Since Dr Kim joined T-Mobile Netherlands, the operator has increased its mobile market share from 25% in 2017 to 42% (based on the number of SIMs) in 2020 and become market leader. It entered the fixed market in 2016 with the acquisition of Thuis, strengthening its position through a strategic partnership with Open Dutch Fiber (owned by KKR and DTCP) in April 2021.

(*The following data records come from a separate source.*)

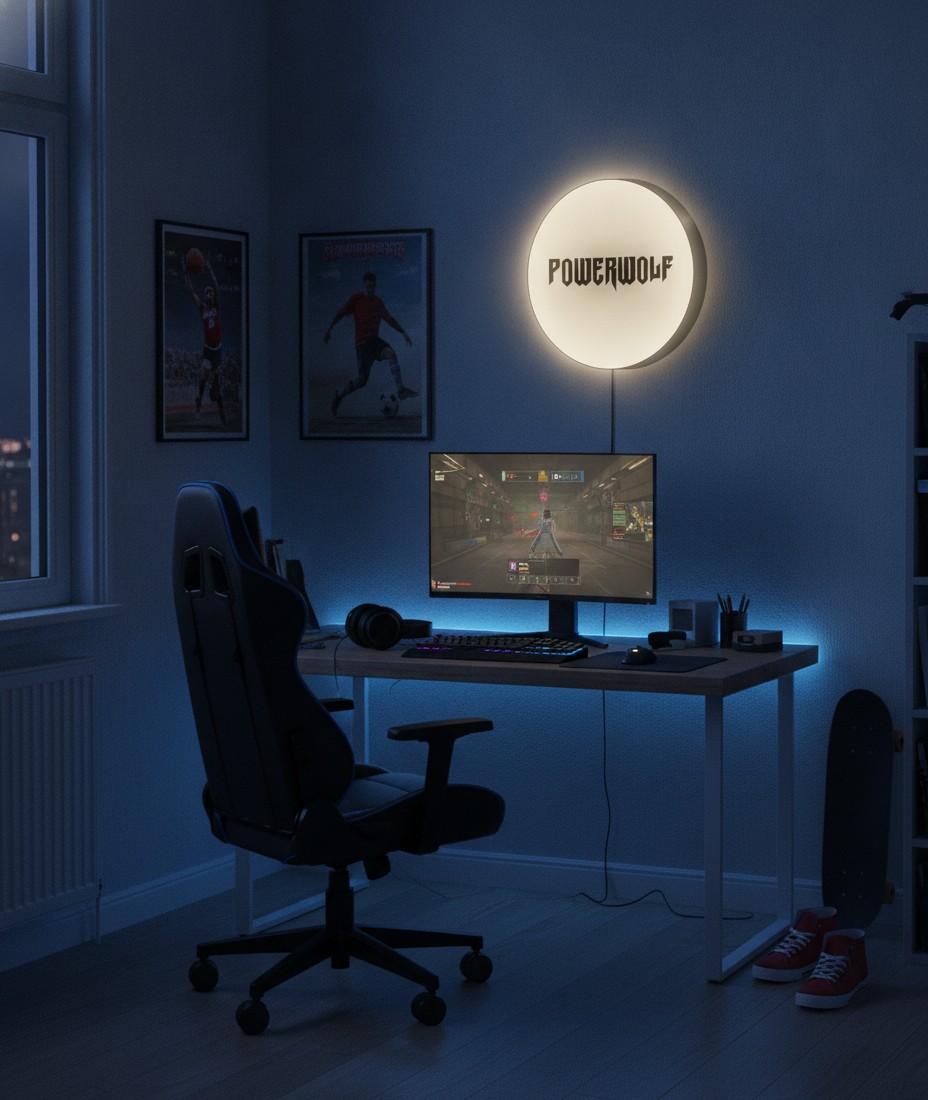 Powerwolf LED-Leuchtschild Wanddeko Musik-Deko Geschenk - Mockup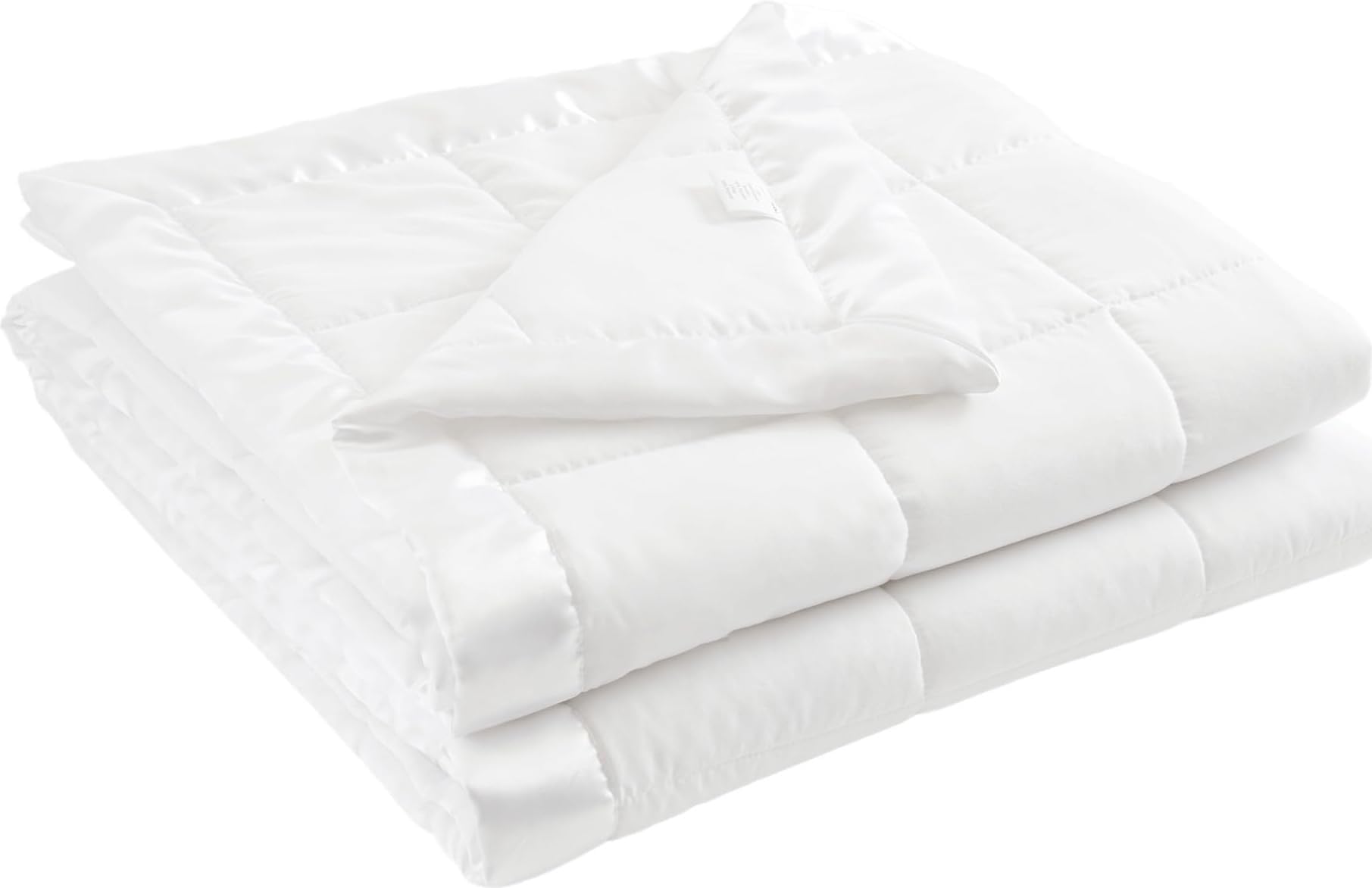 Madison Park Down Alternative Queen Blanket for Bed, Satin Trim, White
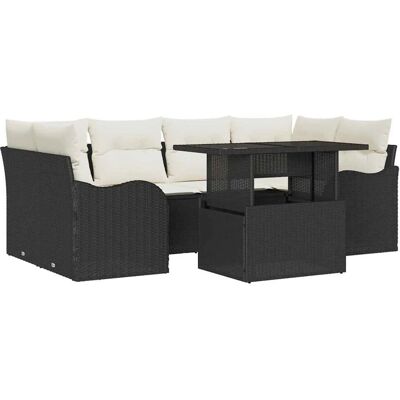 vidaXL Garten-Sofa-Set mit Kissen 7-Tlg Schwarz Poly Rattan 3348393 vidaXL Garten-Sofa-Set mit Kissen 7-Tlg Schwarz Poly Rattan 3348393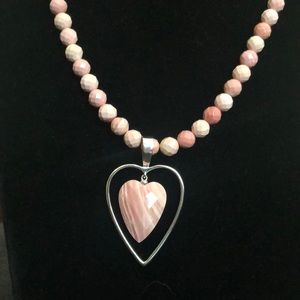 Jay King Sterling Silver Pink Opal Heart Pendant Necklace & Earrings.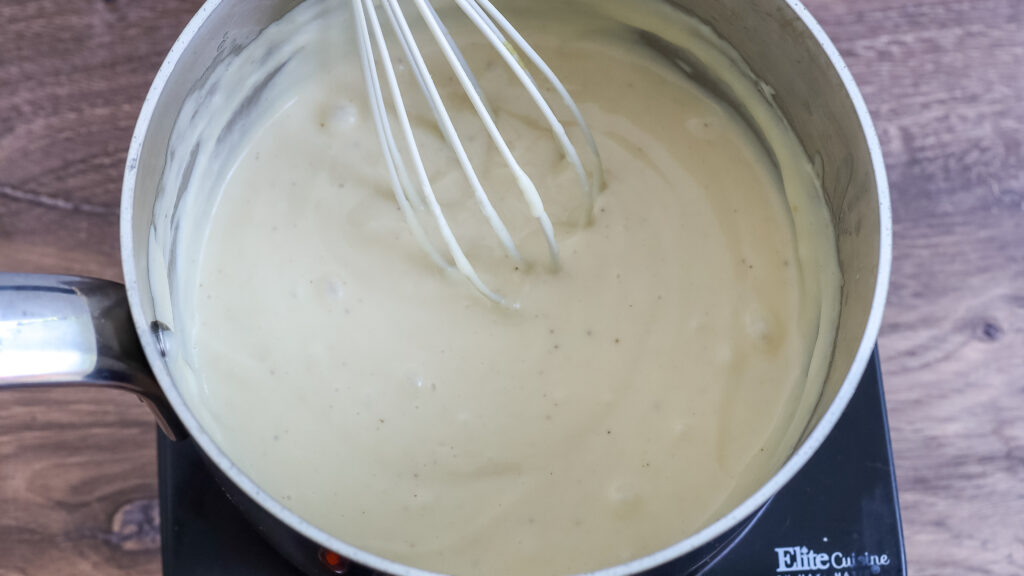 final step of white cheddar beer cheese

T-Mobile Netherlands was acquired by a consortium of Apax and Warburg Pincus in September 2021. Its new owners described it as “Europe’s fastest-growing mobile network”.
Motivation for automation
Dr. Kim’s network automation journey began in 2014 when he and his counterparts across the industry started thinking about what future network would look like, as network functions virtualization (NFV) and software-defined networks (SDN) were underway.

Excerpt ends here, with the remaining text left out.